Oh dear, oh dear. I'm inclined to apologise in advance for the tone of this response because electoral systems is part of the Modern Studies syllabus and while I'm a fan of our Chris, I'm really struggling to avoid going into default sarcasmo-teacher mode here - which is what I would be doing if one of my senior pupils submitted an essay with an evidence-free bullshit argument like this.
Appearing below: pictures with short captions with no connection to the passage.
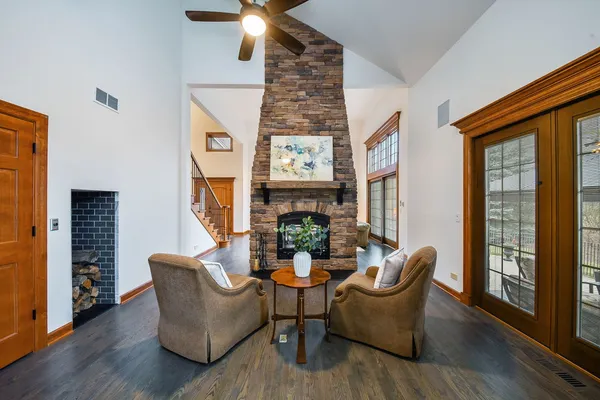 $1,650,000 | 2009 Mackenzie Place, Unit 2009, Wheaton, IL 60187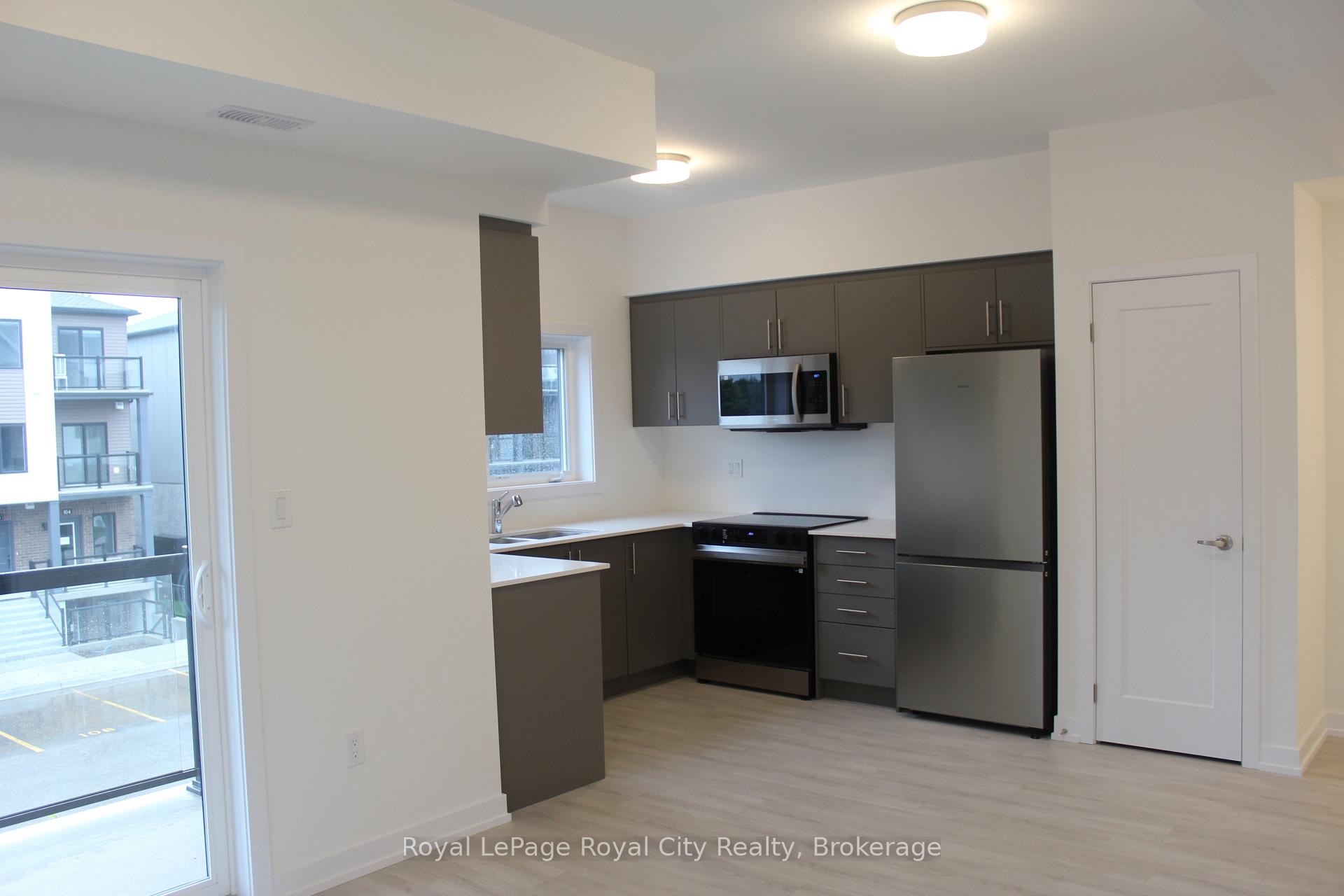 Photo 8 of Unit 70, 42 Lowes Road W, Guelph, Clairfields/Hanlon Business Park — HOMEH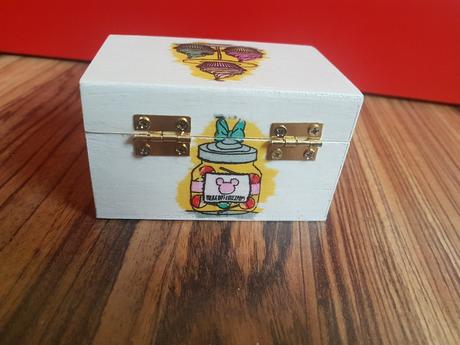 Ozdobna krabicka a doza, 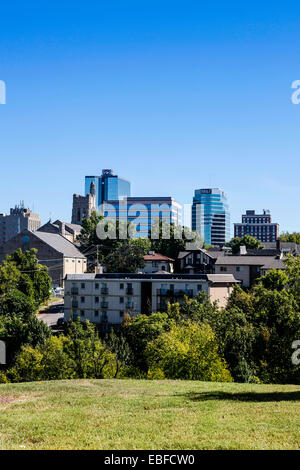 Vista del centro citta' di Knoxville visto dalla cima della collina del University of Tennessee campus Foto Stock
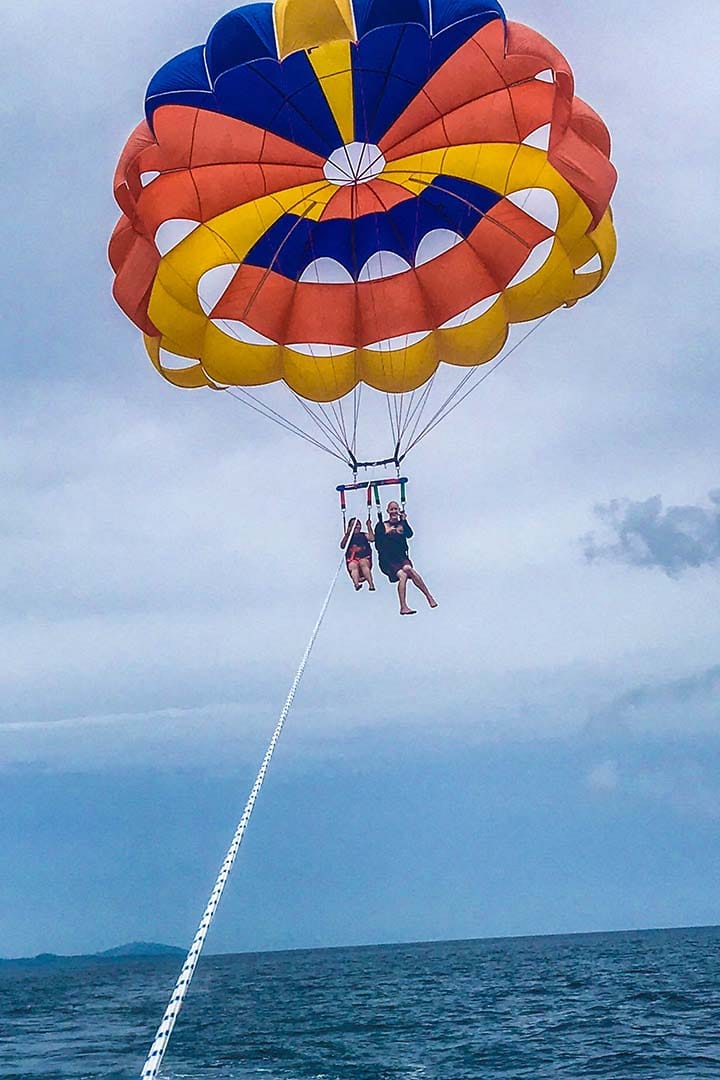 Dubai Luxury Parasailing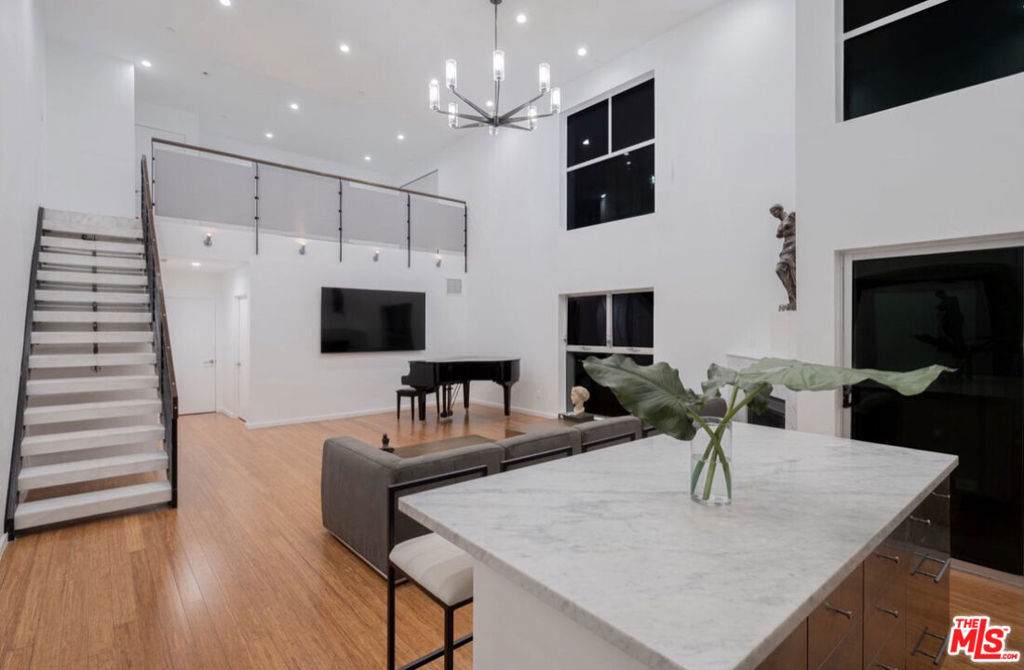 7062 Hawthorn Avenue - Photo 1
Every pupil knows - or at least the ones that attend my classes do - that PR facilitates the representation of minorities that tend to be penalized in a majoritarian voting system. All very well and good if these minority parties are cuddly ones like those Greens who want you to put windmills on your roof. But we hope that they would also be able to grasp that the representation of minorities isn't an unalloyed benefit if the minorities in question happen to be vicious bastards like the BNP.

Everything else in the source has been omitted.